Text: Christian Endt                                                       

Foto: Simon Lohmeyer

startnext.com/killerpilze-film

Sauber

Vier Jahre lang hielten Laurin Hahn, 22, und sein bester Freund Jona Christians, 23, ihre Idee geheim. Jetzt suchen sie Investoren und Unterstützer für ihr Elektroauto mit integrierten Solarzellen.

Von Jacqueline Lang

Laurin und Jona sind beste Freunde.

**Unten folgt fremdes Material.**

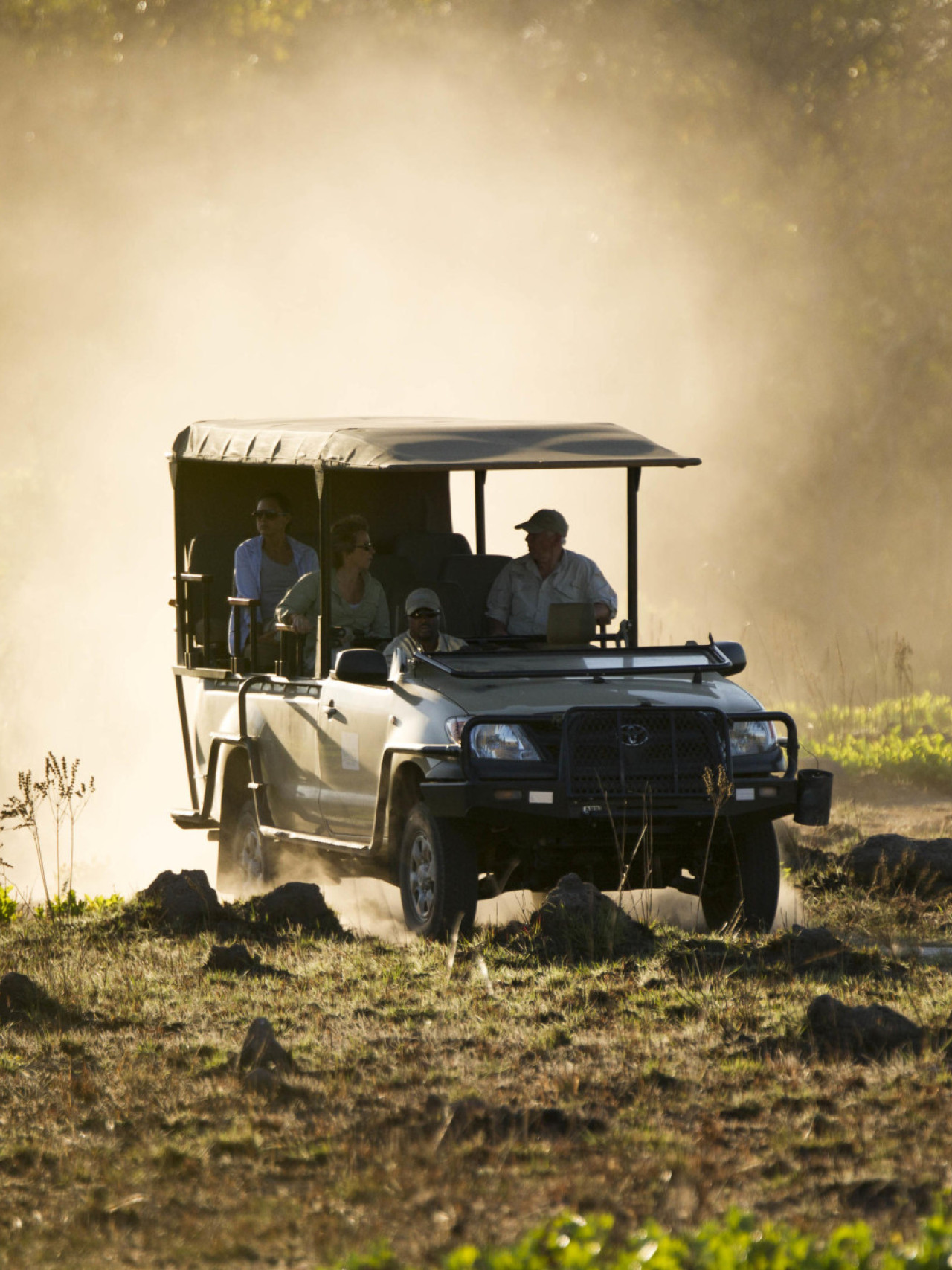Spannende Pirschfahrt im Kafue-Nationalpark
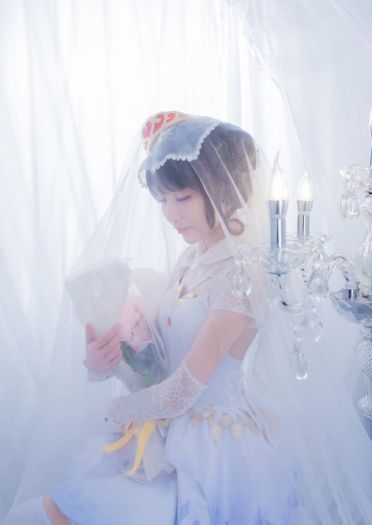 王者荣耀 花会枯萎 爱永不凋零 cosplay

Seit der ersten Klasse. Mit 14 haben die beiden nach der Schule mehrere Stunden miteinander telefoniert, um sich über Probleme der Welt zu unterhalten, immer öfter auch über Rohstoffe wie Erdöl. Und irgendwann hatten sie eine Idee, die Welt ein Stückchen besser zu machen. Eine Idee, von der bis Anfang August nicht mal ihre Familien wussten: ein Elektroauto mit eingebauten Solarzellen.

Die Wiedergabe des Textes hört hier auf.